##### EXERCISE DATA #####

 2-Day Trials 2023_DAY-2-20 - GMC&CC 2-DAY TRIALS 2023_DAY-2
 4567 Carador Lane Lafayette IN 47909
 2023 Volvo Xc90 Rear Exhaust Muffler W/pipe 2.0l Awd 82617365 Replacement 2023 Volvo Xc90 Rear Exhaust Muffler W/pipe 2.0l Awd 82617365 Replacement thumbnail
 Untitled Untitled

#####
##### EXERCISE DATA #####

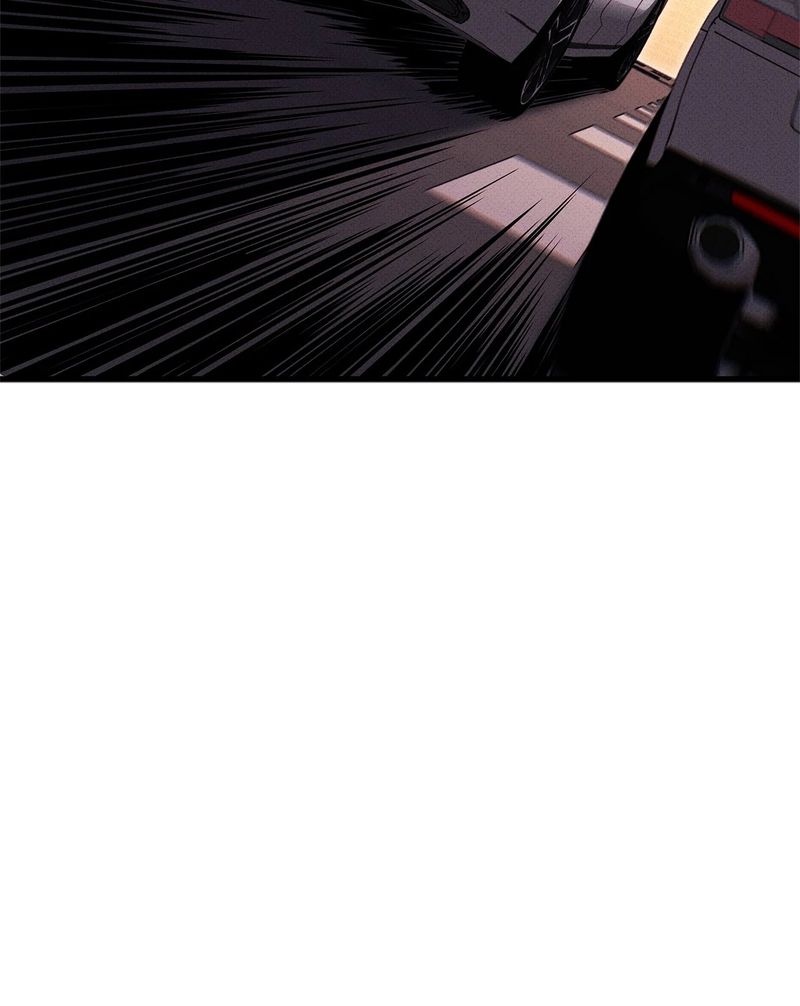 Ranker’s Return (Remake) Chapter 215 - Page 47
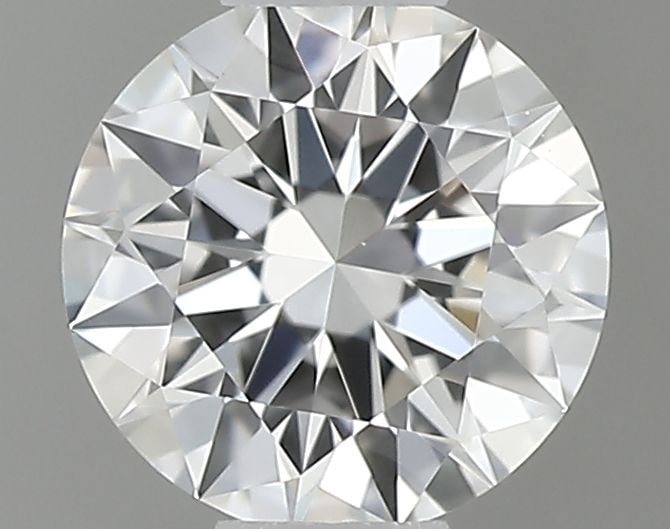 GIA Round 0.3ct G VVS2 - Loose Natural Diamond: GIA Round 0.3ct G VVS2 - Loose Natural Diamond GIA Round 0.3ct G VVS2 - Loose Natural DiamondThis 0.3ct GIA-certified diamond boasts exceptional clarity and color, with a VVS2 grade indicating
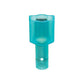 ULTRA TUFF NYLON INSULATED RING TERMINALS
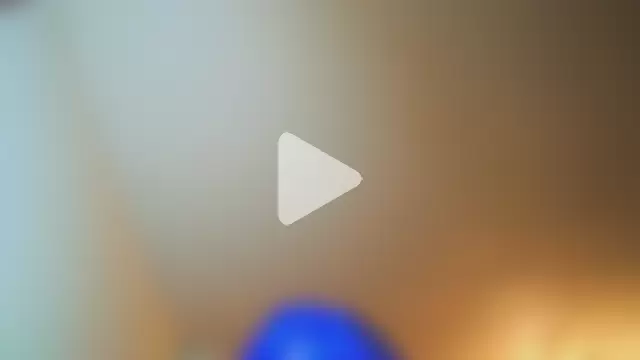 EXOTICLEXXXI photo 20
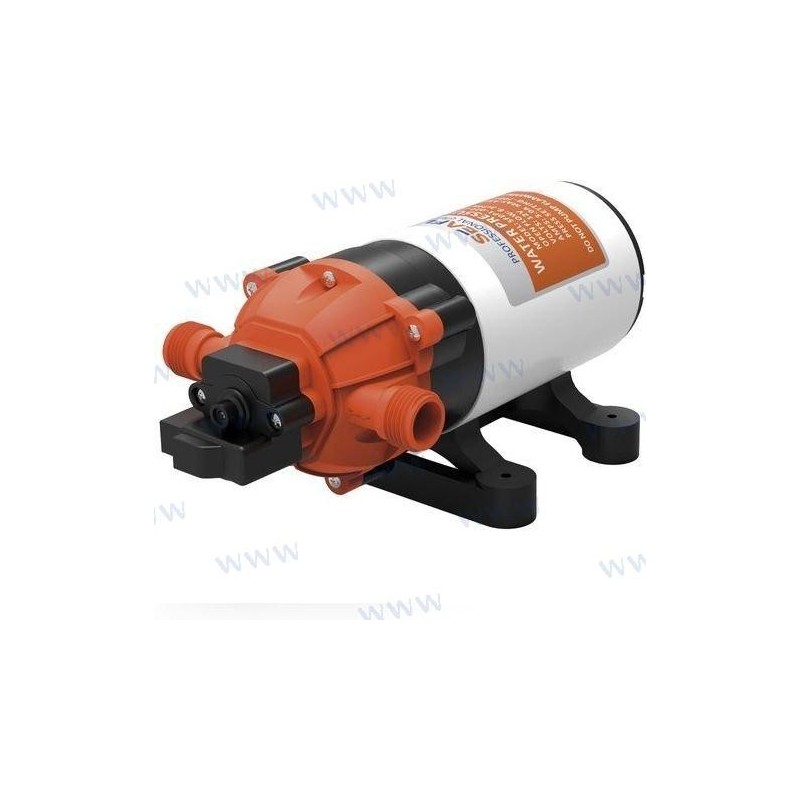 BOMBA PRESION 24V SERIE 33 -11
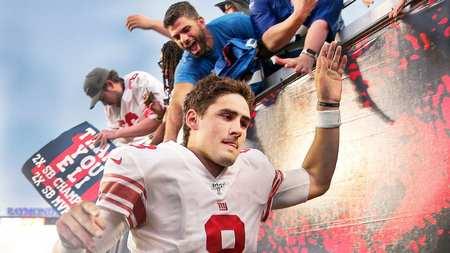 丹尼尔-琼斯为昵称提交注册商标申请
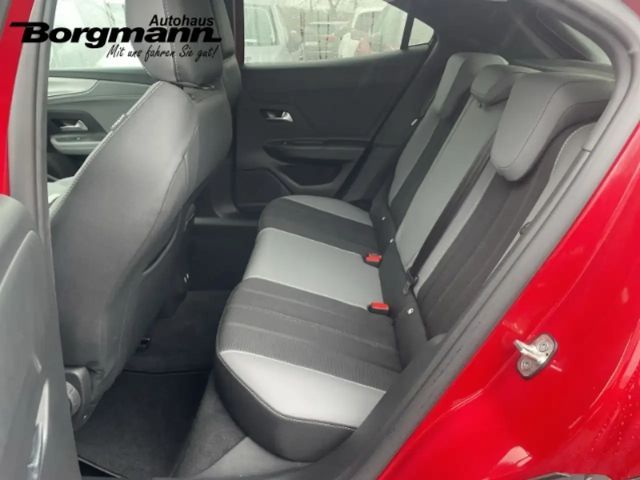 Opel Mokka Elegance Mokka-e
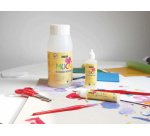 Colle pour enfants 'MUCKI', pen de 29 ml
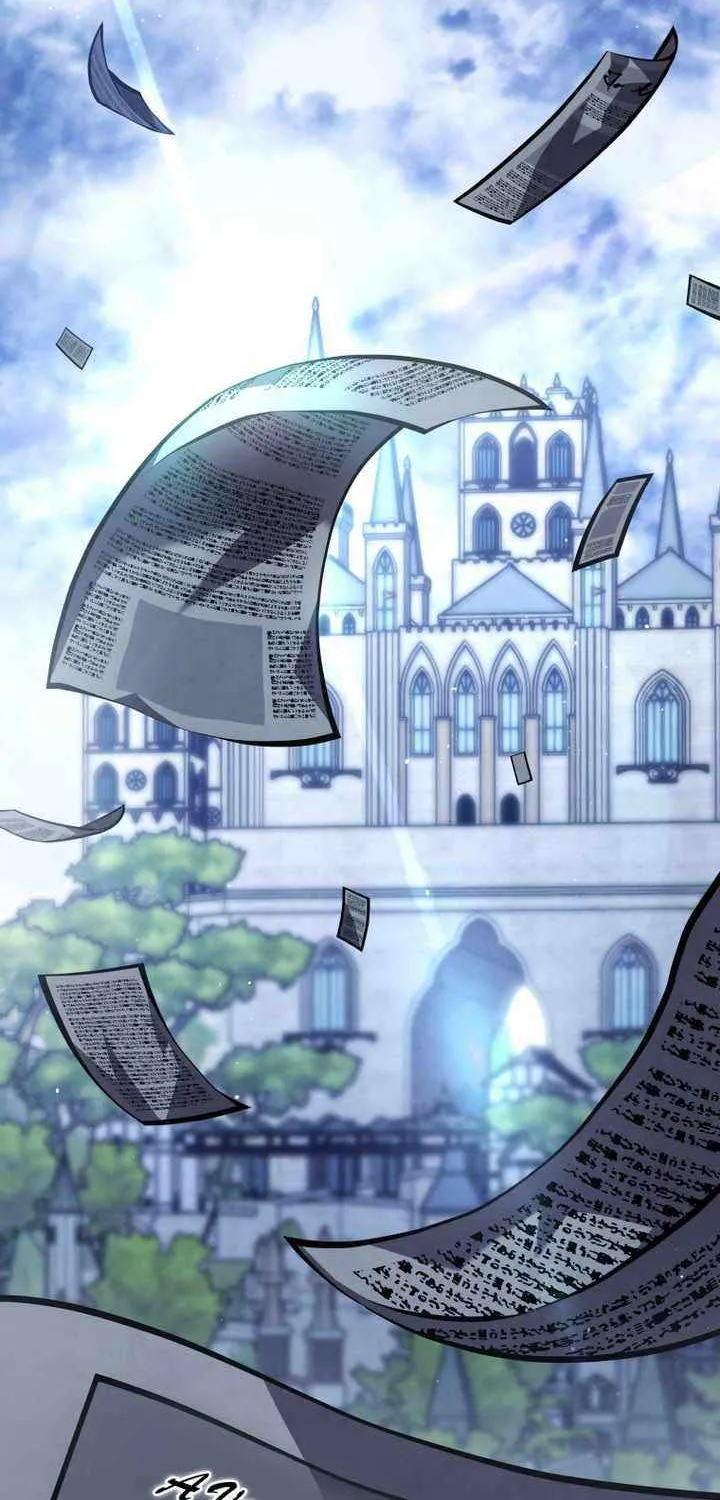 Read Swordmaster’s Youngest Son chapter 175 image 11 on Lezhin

#####

◆ WHAT YOU ARE ASKED TO DO
Retype, exactly and in full, the lines above from the one containing "2-Day Trials 2023_DAY-2-20" through the one containing "Untitled Untitled".

◆ ANSWER
 2-Day Trials 2023_DAY-2-20 - GMC&CC 2-DAY TRIALS 2023_DAY-2
 4567 Carador Lane Lafayette IN 47909
 2023 Volvo Xc90 Rear Exhaust Muffler W/pipe 2.0l Awd 82617365 Replacement 2023 Volvo Xc90 Rear Exhaust Muffler W/pipe 2.0l Awd 82617365 Replacement thumbnail
 Untitled Untitled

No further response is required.